Psychological considerations thus appear to indicate a very plain duty for a large class of civilians who have complained of and suffered patriotically {153} from the fact that the Government has found nothing for them to do. Let all those of superior and assured station make it a point of honour and duty to abrogate the privileges of consideration and prestige with which they are arbitrarily endowed. Let them persuade the common man that they also are, in the face of national necessity, common men. The searching test of war has shown that a proportion of the population, serious enough in mere numbers, but doubly serious in view of its power and influence, has led an existence which may fairly be described as in some degree parasitic. That is to say, what they have drawn from the common stock in wealth and prestige has been immensely larger than what they have contributed of useful activity in return. Now, in time of war, they have still less to give proportionally to what they have received. Their deplorably good bargain was in no way of their making; no one has the slightest right to attack their honour or good faith; they are as patriotically minded as any class, and have contributed their fighting men to the Army as generously as the day labourer and the tradesman. It is therefore not altogether impossible that they might come to understand the immense opportunity that is given them by fate to promote a true, deep, and irresistibly potent national unity.

A further contribution to the establishment of a national unity of this truly Utopian degree might come from a changed attitude of mind towards his fellows in the individual.
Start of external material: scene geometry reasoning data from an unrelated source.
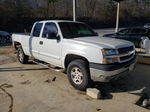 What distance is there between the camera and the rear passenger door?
19.1 feet

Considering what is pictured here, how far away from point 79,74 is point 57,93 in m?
0.76

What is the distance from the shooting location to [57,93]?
14.4ft

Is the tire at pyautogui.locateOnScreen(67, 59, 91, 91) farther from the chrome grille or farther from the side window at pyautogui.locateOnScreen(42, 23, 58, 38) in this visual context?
the side window at pyautogui.locateOnScreen(42, 23, 58, 38)

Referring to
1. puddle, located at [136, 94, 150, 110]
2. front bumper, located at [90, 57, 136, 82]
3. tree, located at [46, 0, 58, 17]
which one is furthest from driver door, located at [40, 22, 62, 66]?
tree, located at [46, 0, 58, 17]

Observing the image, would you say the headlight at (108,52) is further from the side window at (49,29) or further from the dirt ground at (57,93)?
the side window at (49,29)

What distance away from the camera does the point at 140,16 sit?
4897cm

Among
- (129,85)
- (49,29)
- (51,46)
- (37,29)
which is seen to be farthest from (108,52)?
(37,29)

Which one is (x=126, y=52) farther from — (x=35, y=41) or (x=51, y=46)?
(x=35, y=41)

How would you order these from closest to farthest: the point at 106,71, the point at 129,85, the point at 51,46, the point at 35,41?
the point at 106,71
the point at 129,85
the point at 51,46
the point at 35,41

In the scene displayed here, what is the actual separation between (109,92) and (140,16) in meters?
49.7

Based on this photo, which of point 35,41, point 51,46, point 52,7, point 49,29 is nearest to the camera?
point 51,46

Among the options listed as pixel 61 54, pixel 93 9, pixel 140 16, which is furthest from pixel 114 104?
pixel 140 16

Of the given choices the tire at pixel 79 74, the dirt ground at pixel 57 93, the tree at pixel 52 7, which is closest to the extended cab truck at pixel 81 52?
the tire at pixel 79 74

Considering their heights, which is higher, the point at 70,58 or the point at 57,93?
the point at 70,58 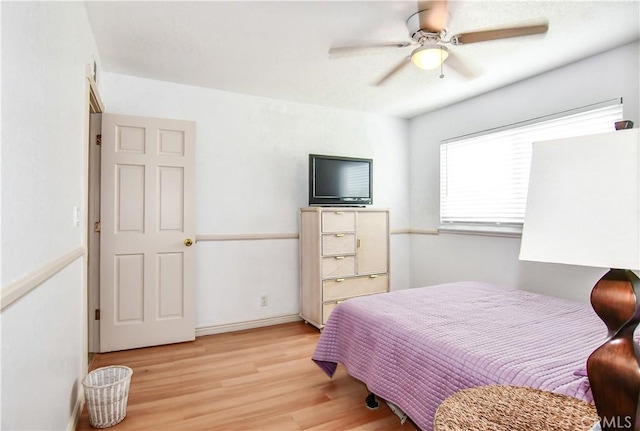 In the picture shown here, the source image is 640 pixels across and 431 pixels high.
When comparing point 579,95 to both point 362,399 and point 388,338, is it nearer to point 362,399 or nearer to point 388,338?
point 388,338

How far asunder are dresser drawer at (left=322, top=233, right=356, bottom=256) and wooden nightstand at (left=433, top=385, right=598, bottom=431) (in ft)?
7.84

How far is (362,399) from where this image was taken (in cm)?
218

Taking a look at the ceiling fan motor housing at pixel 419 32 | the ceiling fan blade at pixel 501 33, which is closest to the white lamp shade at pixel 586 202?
the ceiling fan blade at pixel 501 33

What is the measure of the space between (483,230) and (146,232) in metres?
3.27

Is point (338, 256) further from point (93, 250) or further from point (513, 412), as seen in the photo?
point (513, 412)

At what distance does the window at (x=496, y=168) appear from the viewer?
279 cm

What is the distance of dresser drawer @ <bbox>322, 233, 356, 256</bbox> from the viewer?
345 cm

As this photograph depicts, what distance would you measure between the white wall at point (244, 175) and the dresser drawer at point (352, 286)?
520 millimetres

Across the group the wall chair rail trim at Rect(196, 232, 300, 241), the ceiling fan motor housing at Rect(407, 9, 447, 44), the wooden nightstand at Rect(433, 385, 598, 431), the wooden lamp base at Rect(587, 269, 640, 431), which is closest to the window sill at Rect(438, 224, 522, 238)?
the wall chair rail trim at Rect(196, 232, 300, 241)

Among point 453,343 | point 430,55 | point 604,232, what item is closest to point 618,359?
point 604,232

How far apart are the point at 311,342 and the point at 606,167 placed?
9.30ft

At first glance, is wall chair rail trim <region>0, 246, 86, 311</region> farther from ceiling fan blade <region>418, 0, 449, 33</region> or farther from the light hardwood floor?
ceiling fan blade <region>418, 0, 449, 33</region>

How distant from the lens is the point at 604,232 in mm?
744

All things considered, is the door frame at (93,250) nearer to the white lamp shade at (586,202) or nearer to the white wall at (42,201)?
the white wall at (42,201) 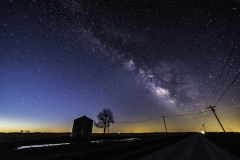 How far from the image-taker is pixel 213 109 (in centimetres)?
4838

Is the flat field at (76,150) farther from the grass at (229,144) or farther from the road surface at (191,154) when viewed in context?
the grass at (229,144)

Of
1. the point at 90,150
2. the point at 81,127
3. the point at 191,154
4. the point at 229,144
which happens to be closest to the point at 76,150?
the point at 90,150

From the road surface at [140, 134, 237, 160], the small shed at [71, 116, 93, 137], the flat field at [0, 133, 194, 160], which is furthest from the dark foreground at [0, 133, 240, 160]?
the small shed at [71, 116, 93, 137]

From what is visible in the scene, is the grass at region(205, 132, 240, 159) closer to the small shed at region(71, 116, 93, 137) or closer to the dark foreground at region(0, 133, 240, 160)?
the dark foreground at region(0, 133, 240, 160)

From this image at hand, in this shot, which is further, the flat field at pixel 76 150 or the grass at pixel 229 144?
the grass at pixel 229 144

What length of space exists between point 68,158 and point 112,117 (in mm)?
67972

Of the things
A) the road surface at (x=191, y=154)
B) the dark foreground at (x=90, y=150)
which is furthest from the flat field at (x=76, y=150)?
the road surface at (x=191, y=154)

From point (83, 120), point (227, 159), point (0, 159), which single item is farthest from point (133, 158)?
point (83, 120)

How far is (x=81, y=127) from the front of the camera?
58188 millimetres

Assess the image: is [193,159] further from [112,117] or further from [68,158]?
[112,117]

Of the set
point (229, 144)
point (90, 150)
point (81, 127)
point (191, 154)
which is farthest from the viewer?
point (81, 127)

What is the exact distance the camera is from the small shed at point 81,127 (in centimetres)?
5747

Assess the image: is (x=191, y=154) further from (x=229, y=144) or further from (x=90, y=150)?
(x=229, y=144)

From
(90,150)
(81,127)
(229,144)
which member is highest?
(81,127) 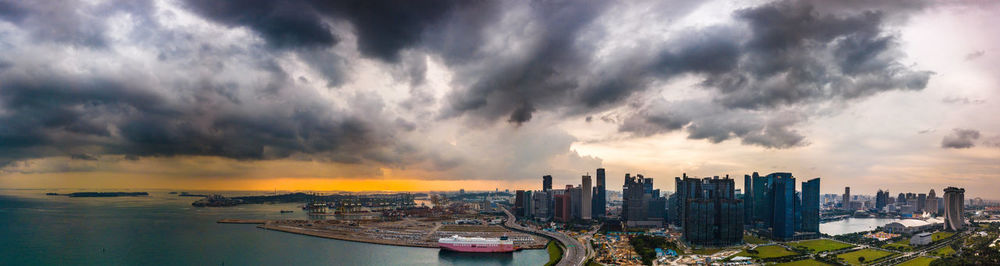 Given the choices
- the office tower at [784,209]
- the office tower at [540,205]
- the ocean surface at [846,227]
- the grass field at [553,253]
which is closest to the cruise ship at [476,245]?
the grass field at [553,253]

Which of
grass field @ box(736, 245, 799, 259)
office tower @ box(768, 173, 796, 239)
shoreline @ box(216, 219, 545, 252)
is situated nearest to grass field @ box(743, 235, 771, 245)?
office tower @ box(768, 173, 796, 239)

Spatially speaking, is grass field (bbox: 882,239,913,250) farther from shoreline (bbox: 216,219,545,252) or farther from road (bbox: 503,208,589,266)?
shoreline (bbox: 216,219,545,252)

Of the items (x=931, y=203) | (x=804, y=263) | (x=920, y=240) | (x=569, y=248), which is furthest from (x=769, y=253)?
(x=931, y=203)

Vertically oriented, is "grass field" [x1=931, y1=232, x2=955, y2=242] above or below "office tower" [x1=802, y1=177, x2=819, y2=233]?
below

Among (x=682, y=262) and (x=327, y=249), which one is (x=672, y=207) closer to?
(x=682, y=262)

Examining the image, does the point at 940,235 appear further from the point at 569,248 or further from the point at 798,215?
the point at 569,248

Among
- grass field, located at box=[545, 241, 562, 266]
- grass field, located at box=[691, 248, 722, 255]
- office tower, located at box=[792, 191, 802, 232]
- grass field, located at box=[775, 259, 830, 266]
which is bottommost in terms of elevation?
grass field, located at box=[545, 241, 562, 266]

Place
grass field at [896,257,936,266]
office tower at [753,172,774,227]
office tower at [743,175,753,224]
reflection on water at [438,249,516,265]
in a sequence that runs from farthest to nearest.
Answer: office tower at [743,175,753,224]
office tower at [753,172,774,227]
reflection on water at [438,249,516,265]
grass field at [896,257,936,266] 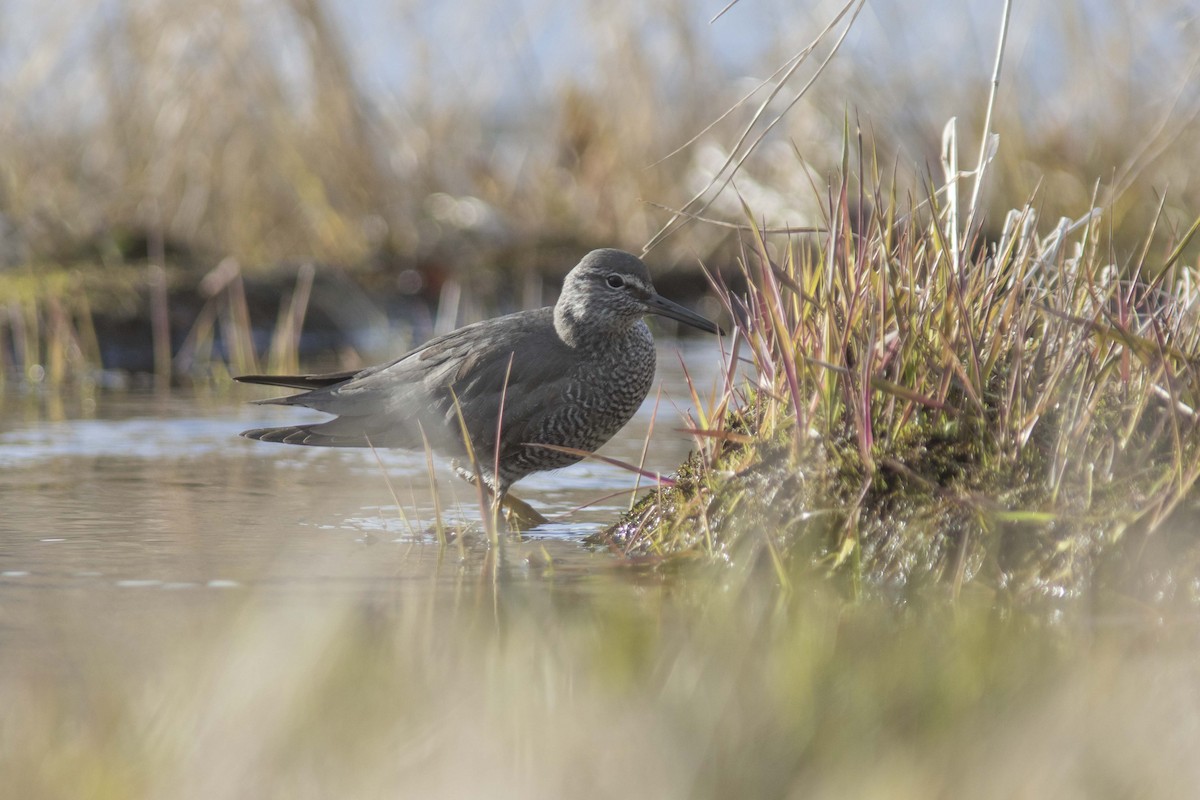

There would have to be an increased kindliness, generosity, patience, and tolerance in all his relations with others, a deliberate attempt to conquer prejudice, irritability, impatience, and self-assertiveness, a deliberate encouragement of cheerfulness, composure, and fortitude. All these would be tasks for the individual {154} to carry out for himself alone; there would be no campaign-making, no direct exhortation, no appeals. Towards the Army and the Navy the central fact of each man’s attitude would be the question, “Am I worth dying for?” and his strongest effort would be the attempt to make himself so.